In 2018, Yowis Ben prevailed against the odd condemning its segmented nature—using regional language (Javanese) with a more obscure dialect (Malangnese) and came in as a profitable sleeper-hit (almost hitting a million viewers during its theatrical run). While the use of particular dialects is not a new thing in Indonesian cinema, especially in arthouse community; the fact that it was a mogul-produced blockbuster creates a new powerful surge in the industry (note that a year earlier, the very industry was caught unprepared by another sleeper-hit, Uang Panai, a Makassar-bound production). Given the financial success and warm response from general viewers, it is not surprising that an immediate sequel is produced in no time, hence Yowis Ben 2, an unnecessary yet still tremendously hilarious sequel.
The first movie witnesses the rise of Yowis Ben, a high-school pop-punk band with Javanese lyrics, formed by Bayu (Bayu Skak, also directing), Doni (Joshua Suherman), Nando (Brandon Salim) and Yayan (Tutus Thomson). At the same time, it follows Bayu as he rises from a total loser into an icon as he finally won the love of Susan (Cut Meyriska), the girl of his dream. Yowis Ben 2 immediately leaves that premise behind, but not completely.
Yowis Ben 2 begins with the end of dreams. Bayu is breaking up with Susan and Yowis Ben is in crisis due to bad management. Crises also strike each personnel of the band: Bayu needs to find fresh cash for her mother to avoid eviction, Doni struggles with his obsession of having a girlfriend, Nando finds it too hard to bear the thought that his widowed father is going to remarry, meanwhile Yayan takes an extreme yet non unusual life-decision. Fueled by crisis and aided by a stranger called Cak Jimi (Timo Scheunemann, originally a soccer coach), Yowis Ben departs to Bandung to chase another dream and solve their crises.

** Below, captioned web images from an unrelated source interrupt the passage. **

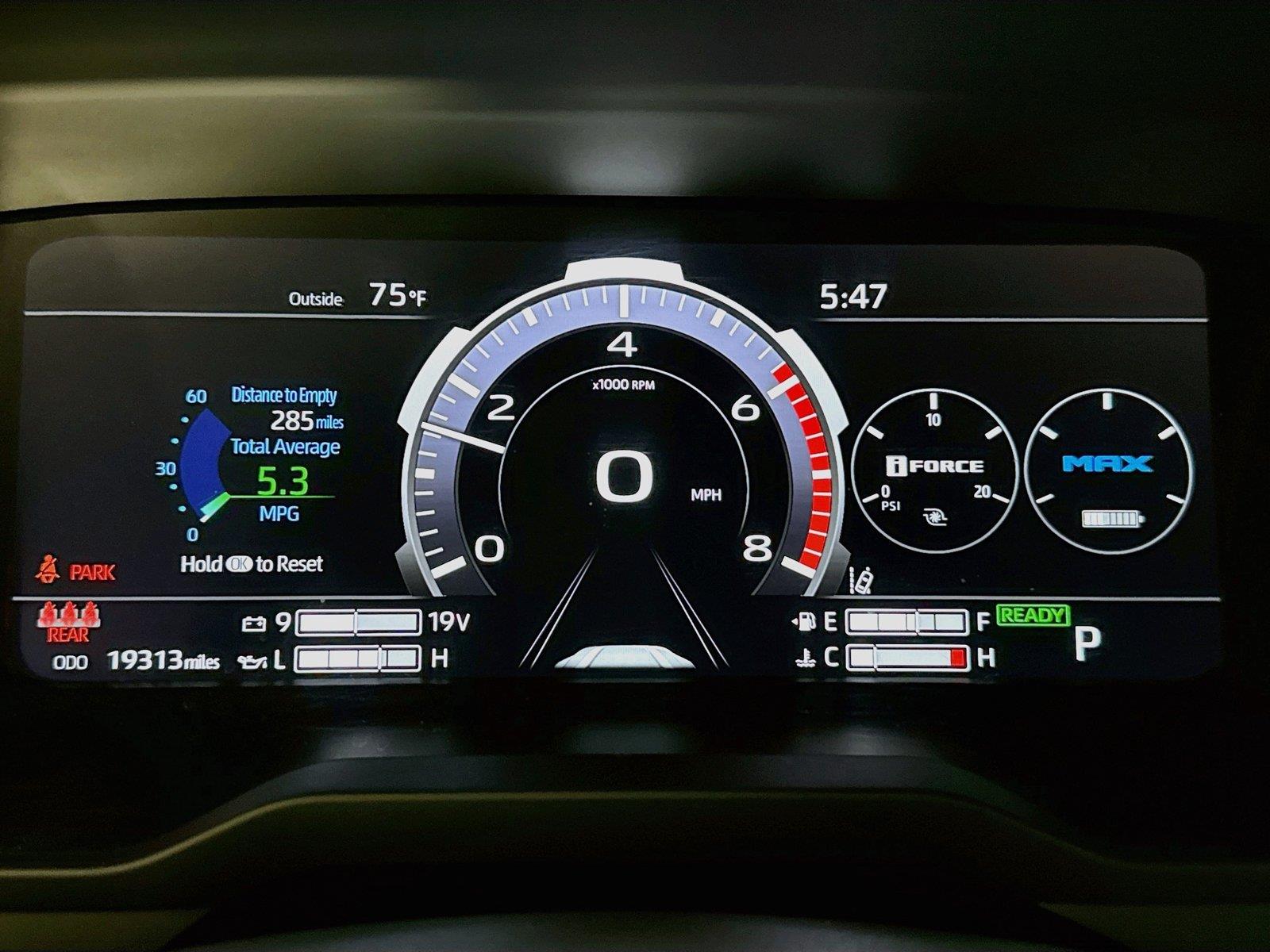 2025 Toyota Tundra Limited Hybrid photo 20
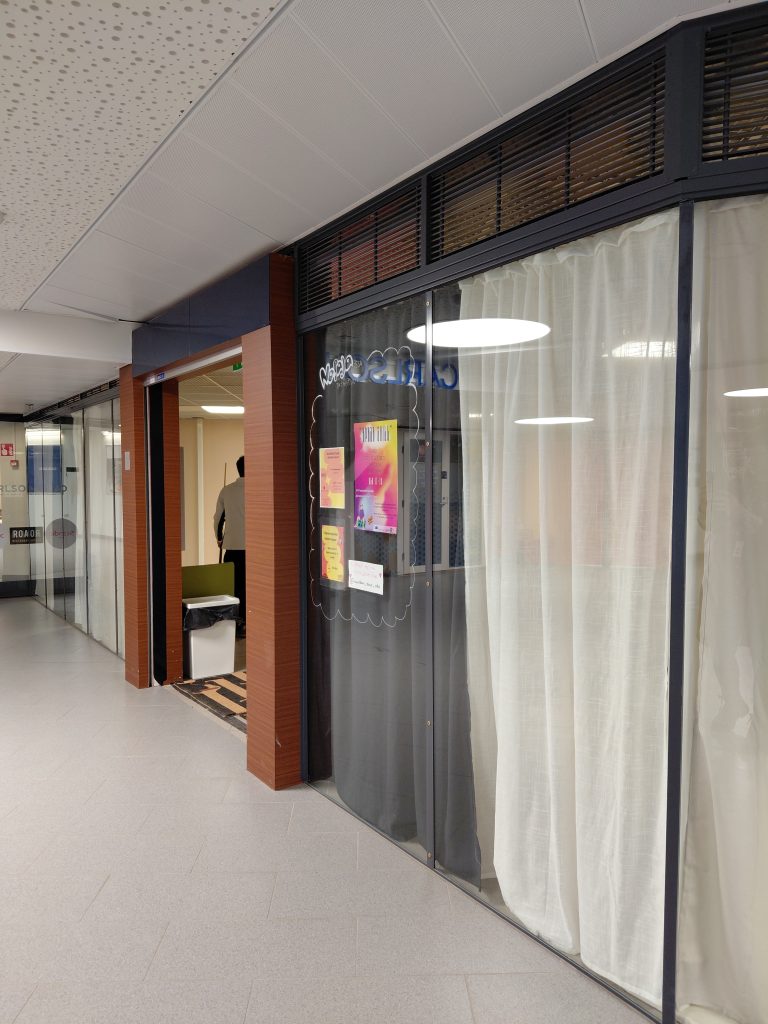 Kauppakeskus Apajassa sijaitsevan nuorisotila Napajan sisäänkäynti. Kulkuaukko on avattuna ja lasi-ikkunat ovat peitetty eri värisillä kankailla sisään näkemisen estämiseksi.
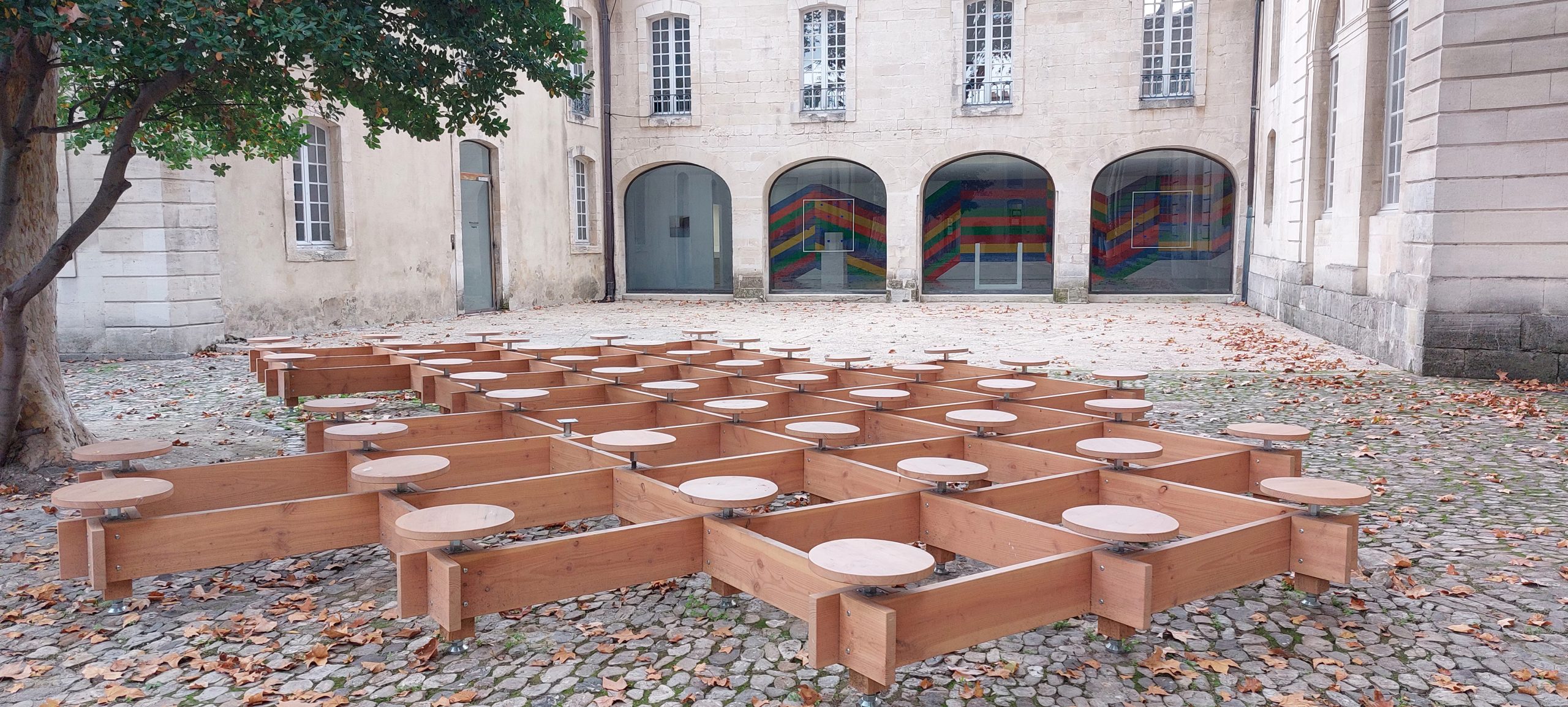 Art et le mobilier urbain<br />
Collection Lambert Avignon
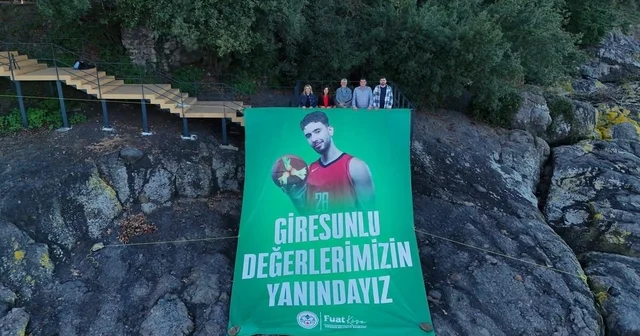 Giresun Adası nda Şengün e onur posteri Giresun Haberleri
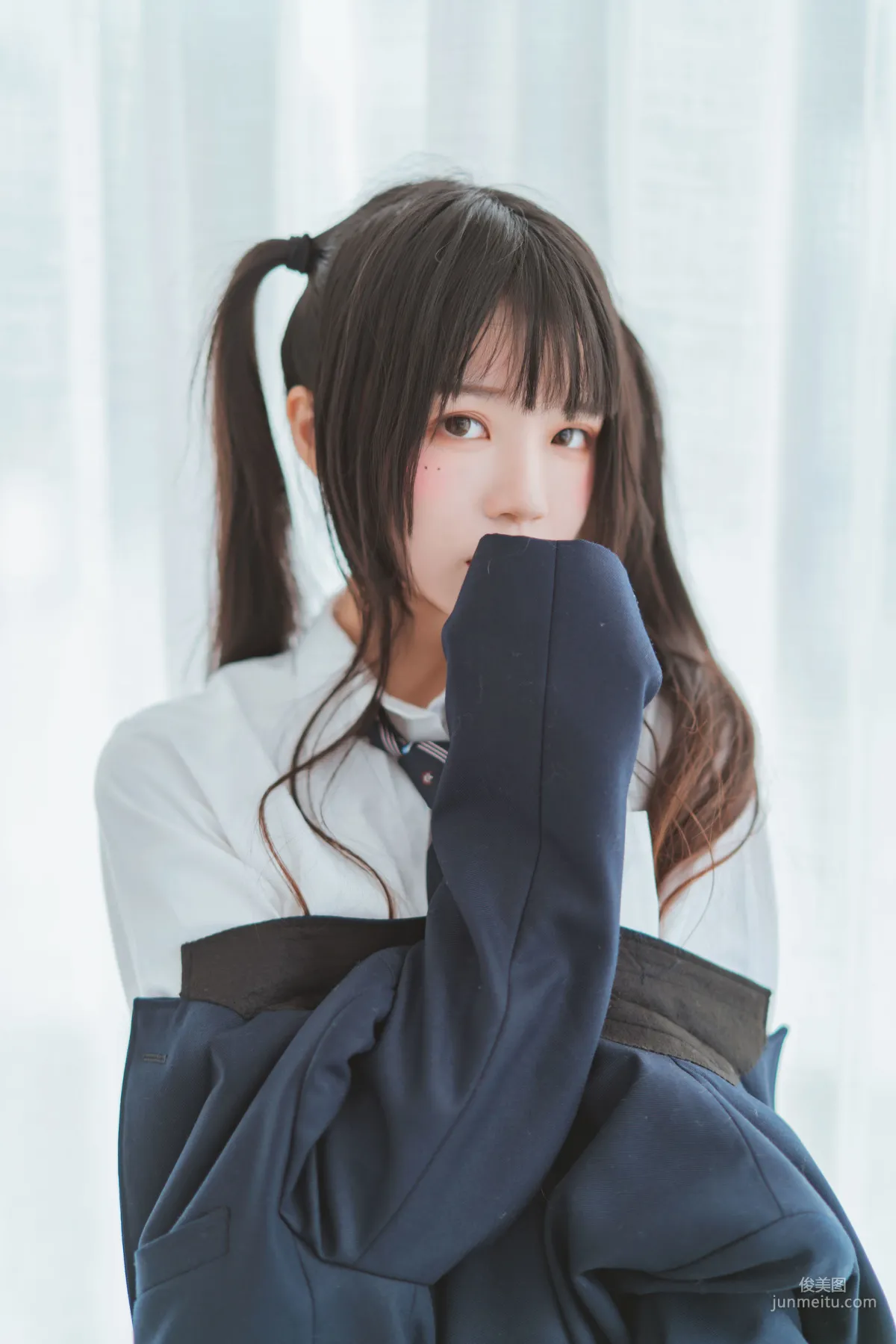 桜桃喵《冬季制服絲秀》 [COSPLAY美女] 寫真集 11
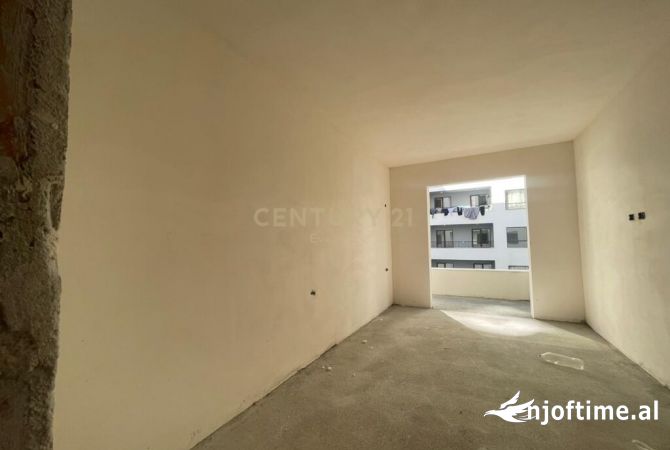 Shtepi ne shitje 2+1 ne Tirane - 75,000 Euro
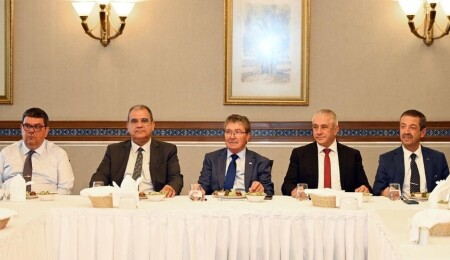 UBP'den güç gösterisi! Parti içi yarış birliği bozamadı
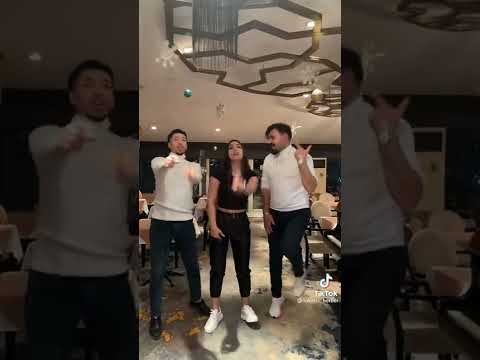 عايدا ترقص عند بياع البوضه التركي 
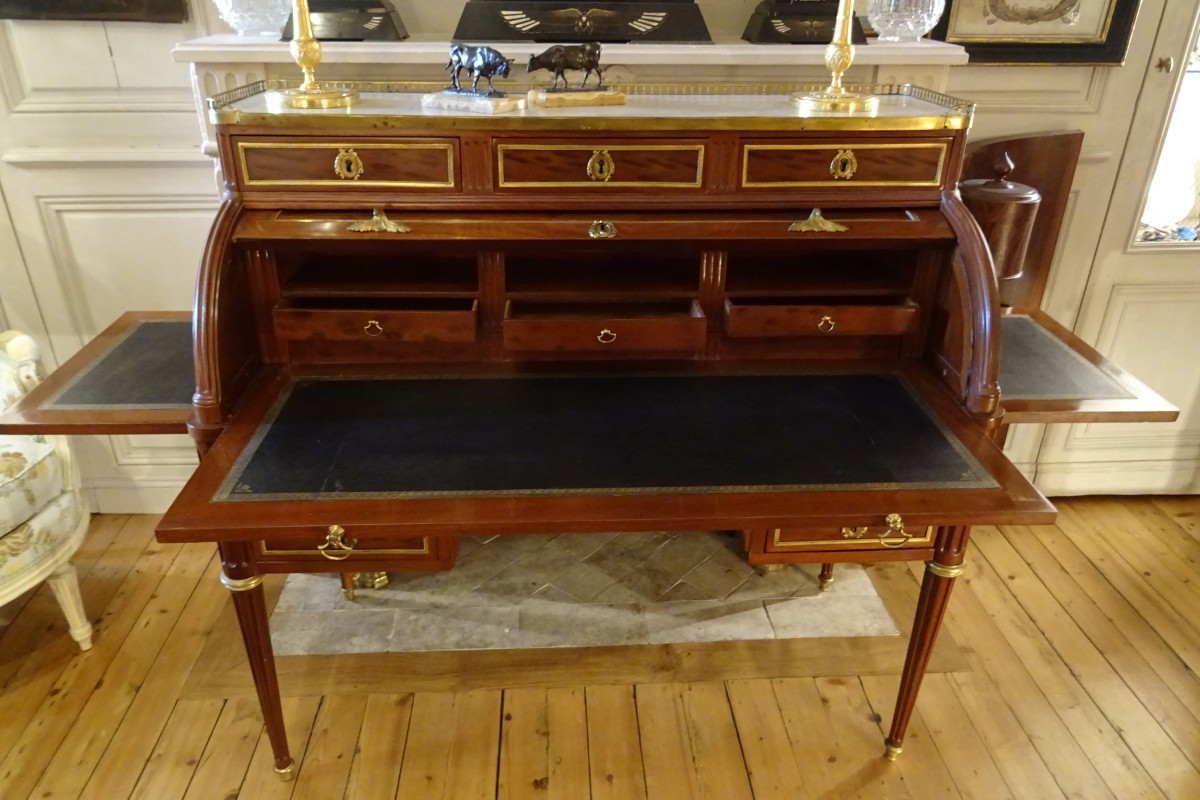 L XVI Period Speckled Mahogany Cylinder Desk Stamped Molitor-photo-4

At its strongest moments, Yowis Ben 2 is able to deliver similar energy as its predecessor. The candid, unpretentious comedic moments are always precious when they perfectly land, especially when delivered in the native language. Same as before, the use of Javanese language isn’t merely a gimmick (as it was concerned about back then), rather it’s a narrative device to convey the existence of social gap and to provide context about the daily communication in Malang, East Java. In the sequel, the language plays some bigger roles. At a time, it is used to picture the diversity in Indonesia; at some other times, it is used to provide sociolinguistics discourse when the movie sets aside to the Bandung set.
The boomerang comes around where it launches. Yowis Ben 2‘s ambitious narrative goal comes troublesome when it only focuses on one point and, even, does it hastily. The whole movie seems to be following Bayu; most of the time, other characters’ motivations are only some background making the story a little too convoluted. As the drama stacks its conflict upon each other, the movie has already passed its middle act; when the climax arrives, it’s long overdue and partial. The only way out to resort at this point is some kind of deus ex machina, which makes all the cliches felt anticlimactic.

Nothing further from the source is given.